Cypriots seem more than happy to pay way over the odds for stuff! I think importing is a great idea and have concidered it myself on a small scale.. however research the tax/duty stuff as thismay be the reason why not many people do it.


----------



## Veronica (Apr 5, 2008)

zeebo said:


> Cypriots seem more than happy to pay way over the odds for stuff! I think importing is a great idea and have concidered it myself on a small scale.. however research the tax/duty stuff as thismay be the reason why not many people do it.


There are quite a few shops in the Paphos area which import stuff direct from the UK and they do seem to do be doing quite well. The Cypriots are also discovering them and using them as much as the brits. As long as they don't get too successful and don't try to grow too big they will probably be ok, but if the big shops think they are a threat they will get closed down via some underhand methods. It won't be the f irst time it has happened.
The trick is to stay small, keep your head down and don't appear to be a threat to the big boys.


----------



## BabsM (May 24, 2008)

theresoon said:


> M&S has been here for over 30 years. I think his point is that if companies that have done their research and decided to open here there must be buying power and room for others. And to this I agree. The retail industry here is in its infancy with M&S the only department store and another operation a department store wannabe. If you want to bring a retail operation and know what you are doing and have a good plan I think it could be very successful.


Oh I understood his point but a small import/retail business would not have the same issues as someone the size of M&S, Debenhams or IKEA and just because it is working for them does not mean it will work for him. Its a question of scale. Besides, as Veronica highlighted, it will be more difficult to get established if the local 'big boys' think the new business would be a threat. 
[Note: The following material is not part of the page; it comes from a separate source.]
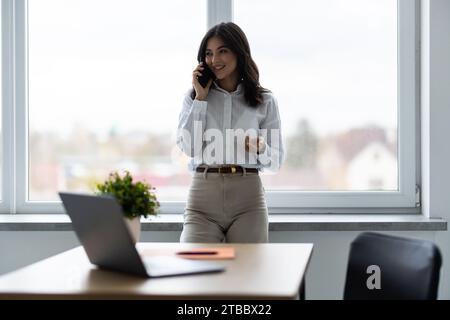Young brunette woman talking on mobile phone while standing in modern office Stock Photo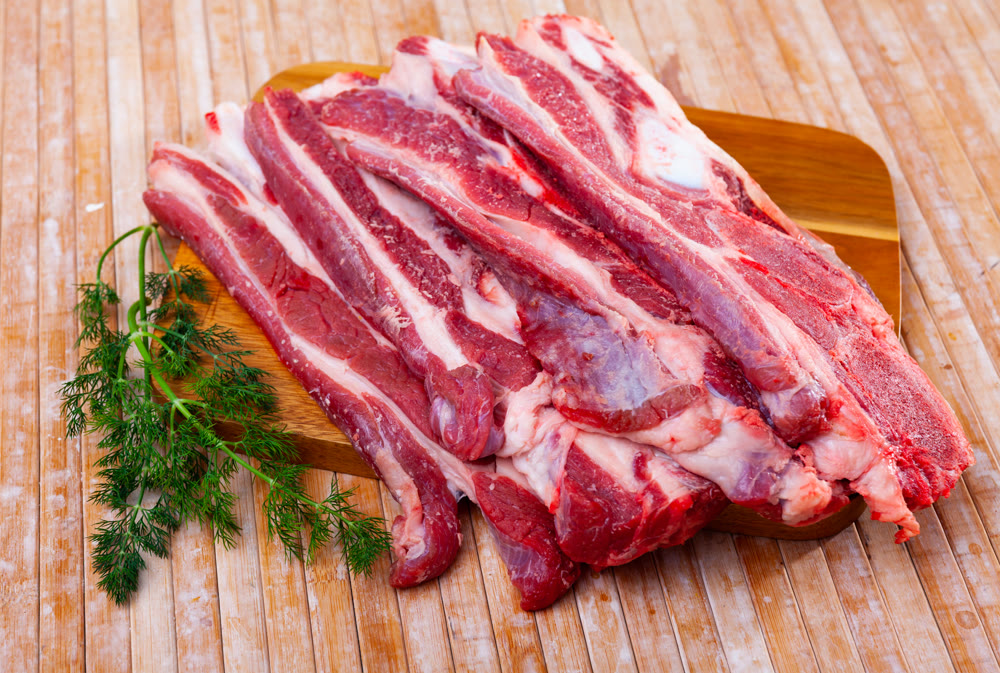 Raw meaty veal tenderloin on plate with fresh dill ready for cooking, closeup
Businesses like Discount 10 seem to be popular in the Larnaca area. More and more people are using them as a result of word of mouth. It shows it can be done and the owner would be an excellent contact for Dusty. 

But food is not the only thing that could be imported/retailed..... how about a business like Screwfix? electrical components and central heating stuff cost a fortune here compared to the UK.:eyebrows:


----------



## kimonas (Jul 19, 2008)

dusty321 said:


> Hi All
> 
> I've been reading posts on here for a year or so now as we are getting closer to taking the plunge. It seems that it is all doom and gloom when someone mentions bringing children over. I just wondered if anyone has actually done this and remained happy! I have three children age 2, 5, and 12. I am currently running my own business in the import/wholesale and retail industry which would something I would like get into in Cyprus. It would be good to hear from anyone in this industry also. I know the average wage is low, but I couldnt live on the average in the UK either. I have never worked for anyone else, I have always earned my own living. Any advice and happy ending stories would be very much appreciated.
> 
> ...


Hello Justin

I think I'm probably responsible for a fair amount of the doom and gloom you mentioned! For that I'm sorry, but I'm just speaking from experience. I work within the Education sector in Cyprus and see the difficulties young families have from the sharp end. I do know of many happy families, but also many who have given up on their Cyprus dream because of a variety of reasons - not all of them financial (although that is a big part of the equation). I won't repeat all the points I've already mentioned in other threads about the pros and cons of public versus private sector schooling, or long term prospects for children educated in either system, but will say something that I don't think I have said before. Often a major reason why many familes end up unhappy and resentful of making the move, is based on a mismatch of adult dreams and children's expectations. Adults dream of more family time, decent food, a more relaxed lifestyle, decent weather for the kids to play in - they then up sticks and move over without consulting their kids overly much about what *they* want out of life. For kids of a certain age (12 and up) their apsirations are to 'stay with their m8s' in the UK and conquer the lively teen culture there. They are dragged over kicking and screaming and are placed either in a public school where they often face bullying as the new (and to boot alien) kids on the block, and are forced to learn a new language and culture - or in a private school where they form their own counter culture which centres on how insensitive their parents are in dislocating their teen egos, and they moan constantly about how boring/unbearably hot/and teenager unfriendly Cyprus is.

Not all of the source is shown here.